Venezuelas Ex-Präsident Nicolás Maduro wird in den USA der Prozess gemacht. Ihm werden Drogen-Terrorismus, Einfuhr von Kokain in die Vereinigten Staaten und Waffenbesitz vorgeworfen.
Der Richter, der die Verhandlung in New York gegen Maduro leitet, ist der 92-Jährige Alvin Hellerstein. Wie Politico schreibt, handelt es sich nach der Darstellung von Weggefährten offenbar um ein echtes Urgestein. Hellerstein verlas am Montag bereits die Anklage.
Hellerstein verhandelte schon den Fall Stormy Daniels
"Er ist einfach altmodisch und geht seinen eigenen Weg und schert sich einen Dreck darum, was irgendjemand von ihm denkt", sagte ein ehemaliger Bundesstaatsanwalt, dem Anonymität zugesichert wurde.
Hellerstein hat in anderen aufsehenerregenden Fällen gegen Präsident Donald Trump und seine Regierung entschieden, darunter auch in dem Fall um die mutmaßlichen Schweigegeldzahlungen an die Pornodarstellerin Stormy Daniels. Hellerstein wies Trumps Anträge auf Verlegung des Verfahrens vor ein Bundesgericht zweimal zurück. Erst vor zwei Monaten hob ein Berufungsgericht eines dieser Urteile auf.

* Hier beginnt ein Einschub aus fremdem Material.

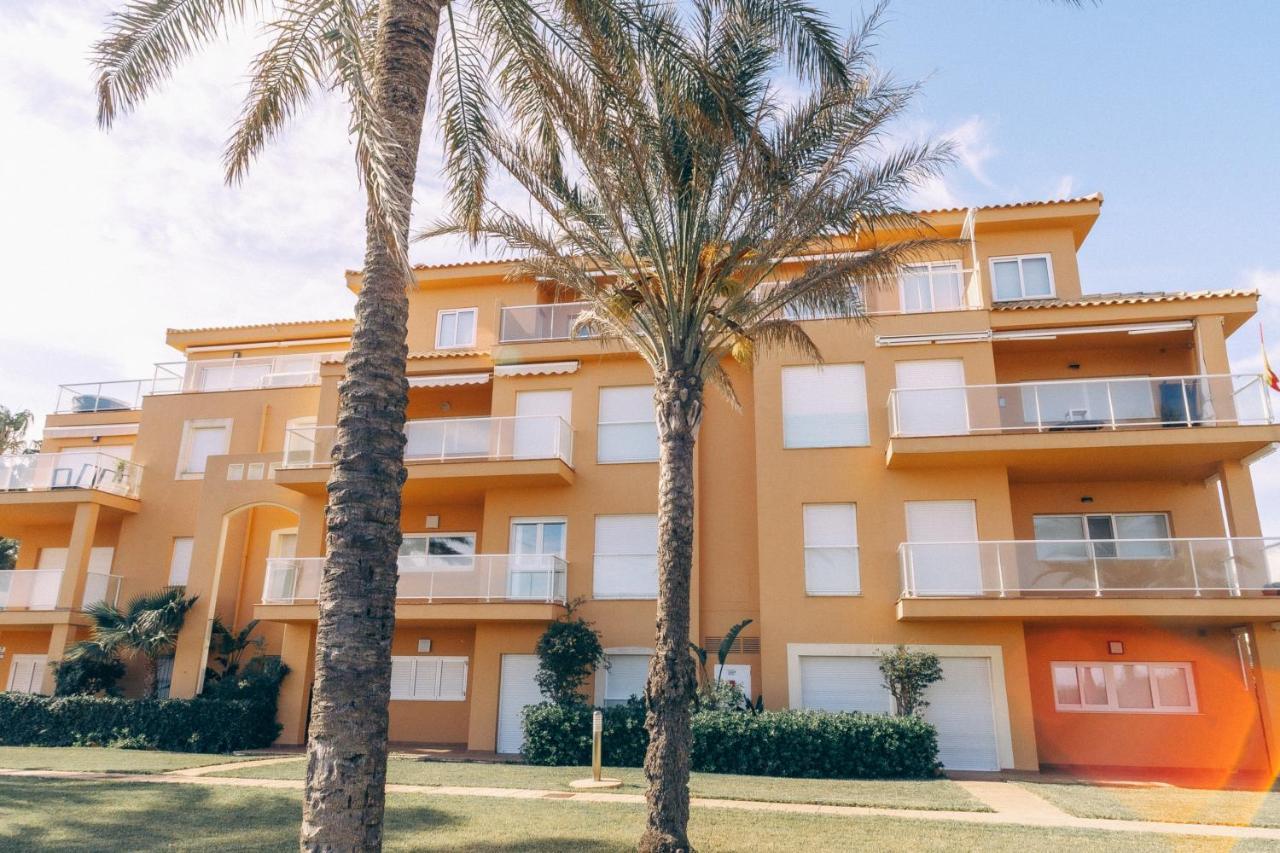 Primera línea, parking, wi fi, apartamento Palm Beach Denia Bagian luar foto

Einige merkten jedoch an, er habe schon lange eine Unabhängigkeit an den Tag gelegt, die an Sturheit grenze. Hellerstein weicht mitunter vom üblichen Gerichtsprotokoll ab.
"Er liebt Gerichtsverhandlungen. Bei Zeugenaussagen kann er ungeduldig werden", sagte Carrie Cohen, eine ehemalige Bundesstaatsanwältin in Manhattan. "Er möchte die Dinge voranbringen. Er ist sich sehr bewusst, dass die Jury sich langweilen könnte."
Hellerstein verhandelte die Klagen von Opfern des 11. September
Ein Urteil im Verfahren gegen Maduro könnte sich lange hinziehen. Hellerstein hat Erfahrung mit aufsehenerregenden Fällen, die sich über Jahre hinziehen können. Er führte schließlich den Vorsitz bei über 10.000 Klagen, die von Einsatzkräften und deren Angehörigen nach den Terroranschlägen vom 11. September 2001 auf das World Trade Center eingereicht wurden.
Wie der Standard aus Wien schreibt, sorgte der 1933 in eine orthodox-jüdische Familie in New York Geborene auch als Richter in einem Verfahren der MeToo-Bewegung gegen den Filmproduzenten Harvey Weinstein für Schlagzeilen. Ebenso sorgte sein Urteil gegen den vielfachen Millionenbetrüger David Hu für Aufsehen.
Sein Privatleben hält der Jurist am liebsten privat. Dass er drei Kinder und mehrere Enkelkinder hat, erfuhr die Öffentlichkeit erst 2017, als seine Ehefrau Mildred, eine Mathematikerin und Computerpionierin, verstarb und in Zeitungen ein Nachruf erschien.
Am Montag, den 5. Januar 2026, fand die erste Anhörung statt. Maduro plädierte vor Richter Alvin Hellerstein auf „nicht schuldig“ und bezeichnete seine Festnahme als „Entführung“. Der nächste wichtige Gerichtstermin wurde für den 17. März 2026 angesetzt.